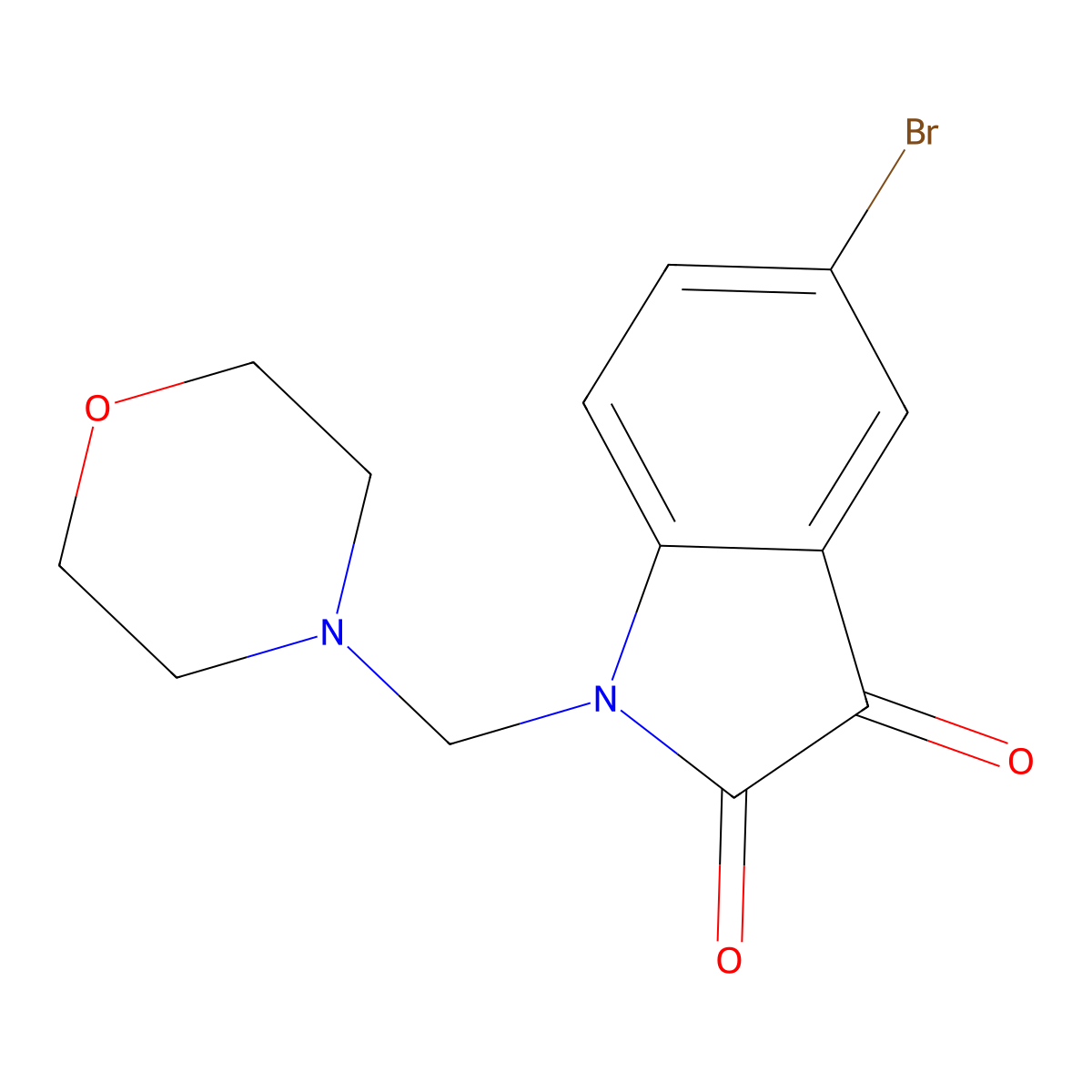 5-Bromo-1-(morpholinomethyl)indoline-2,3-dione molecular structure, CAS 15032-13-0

+ + + +

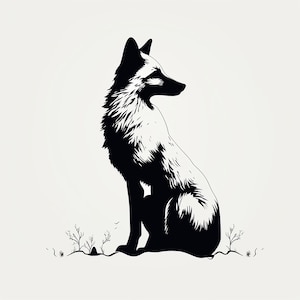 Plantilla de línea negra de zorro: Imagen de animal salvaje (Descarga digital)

+ + + +

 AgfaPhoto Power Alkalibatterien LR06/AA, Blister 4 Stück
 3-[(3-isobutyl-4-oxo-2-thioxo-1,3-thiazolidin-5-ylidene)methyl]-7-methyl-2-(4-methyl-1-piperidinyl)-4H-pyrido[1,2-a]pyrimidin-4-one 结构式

+ + + +

* Exercise prompt
The answer is the lines above between the line holding "AgfaPhoto Power Alkalibatterien" and the line holding "3-[(3-isobutyl", inclusive, each written out exactly, and no others.

* Solution to this exercise
 AgfaPhoto Power Alkalibatterien LR06/AA, Blister 4 Stück
 3-[(3-isobutyl-4-oxo-2-thioxo-1,3-thiazolidin-5-ylidene)methyl]-7-methyl-2-(4-methyl-1-piperidinyl)-4H-pyrido[1,2-a]pyrimidin-4-one 结构式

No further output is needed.